My name is Joe Meersman, I was hired on at the end of last year by the Open Media Foundation (OMF) in Denver to start work on a new incarnation of the Open Media Project (OMP). As many of you know, the history of the OMP is full of successes and failures. My ultimate goal with the Drupal 7 version, is to get rid of as many of the failures as we can, and make the things that worked well work better. Easier said than done, I know, but where would we be without the evolutionary process?
I know there are several other people out there who have updated the modules from Drupal 6 to Drupal 7, and several public access and media centers who are installing and using the new versions. I believe Kevin Reynen is responsible for getting these up and running, and for helping the stations that are using them install and setup the system. The Community Media Project really has been successful overall, from what I hear, and I would love to open up discussion on what is working well there, and also what is not.
I believe we are taking this project in a different direction than what Community Media Project is doing. I am a newcomer to public access, and really Drupal in general, but have been making software and websites for quite some time.
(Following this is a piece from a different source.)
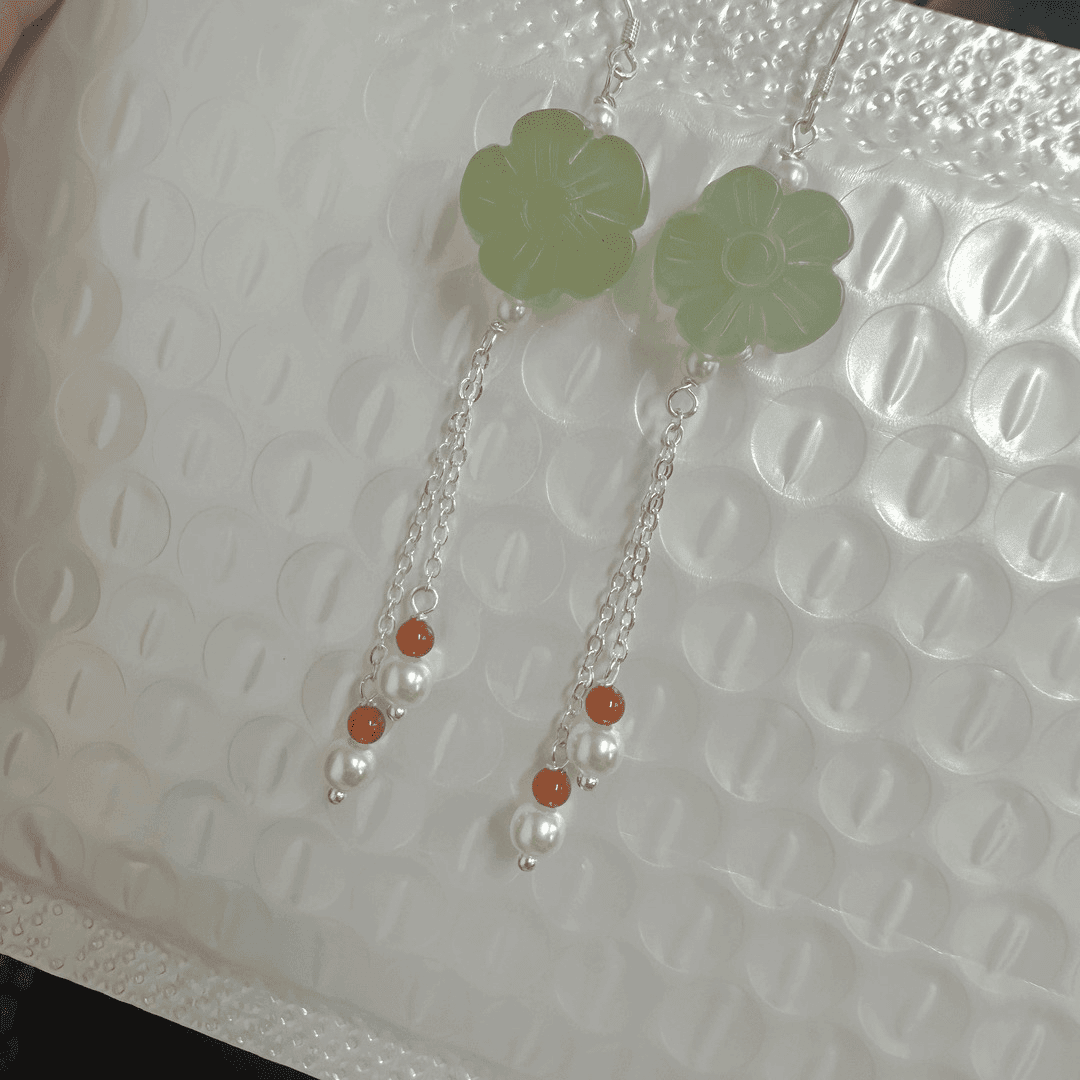 [24]天然岫玉冰料五福花精美耳饰多样性发其一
From what I understand, the two major failures of OMP were:
1) It required either a developer on staff at the station to install, maintain, and update the system, or required OMF’s developers to try and maintain many sites across the country, which obviously did not work. Too much work, not enough time or resources.
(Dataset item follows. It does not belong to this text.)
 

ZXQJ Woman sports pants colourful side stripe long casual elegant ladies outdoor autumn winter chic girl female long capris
2) The previous system required serious network and hardware setup at the local stations. Developers from OMF were traveling to station to setup these systems. Our developers are not hardware specialists, and were unable to travel back if problems arose with the system they installed.
3) The overall design and user experience of the system was severely flawed. The system was never really designed in a way to be easily usable by station staff and admin, let alone the, for the most part, non-technically savvy communities the software was built to cater to.
The new vision this post is all about should really fix these three issues. To address problems 1 and 2, we are hoping to build something that is following the software as a service model. We hope to have something built that is deployable for many organizations. Updates to the system would be pushed through to all the sites, and we would also hopefully have a “golden build” that we could fall back to, if something gets majorly messed up for a station (which it inevitably will). The software would be configurable, at a basic level, to fit the needs and goals of each organization that signs on. The hardware would be “in the cloud”, and therefore would eliminate any need for OMF developers to be delving into the hardware realm.
To address problem 2, we have hired an experienced UX designer to help us make this software less “Drupally” and to make the user experience simple, clean, and hopefully enjoyable. We want the interfaces and forms to be clean, and intuitive.
We know we have a lot of work to do to accomplish these things, and we also have to update and create new modules that are going to handle all of the myriad tasks the original OMP could do, plus more. To tackle all of these issues, we have partnered with Warecorp, to increase our development power. They have a team of developers, and the Warecorp partner, Chris Dystra, also runs The Uptake, a citizen fueled news organization, who has interest in using the OMP as well.
I know this is a long post, so I will stop here and let this all sink in. Please feel free to respond with questions, concerns, comments, and ideas. We are really trying to make this thing work, and want to foster collaboration in both the Drupal and public access communities. We know that the previous version of OMP, while ambitious and functional, was not the best solution for all stations, and the new incarnation also may not meet everyone’s needs, but we hope it works for those who adopt it, and we hope it works well. I, for one, will be committed to making the best software I can, and hope to see several stations on board and using it come the middle of summer.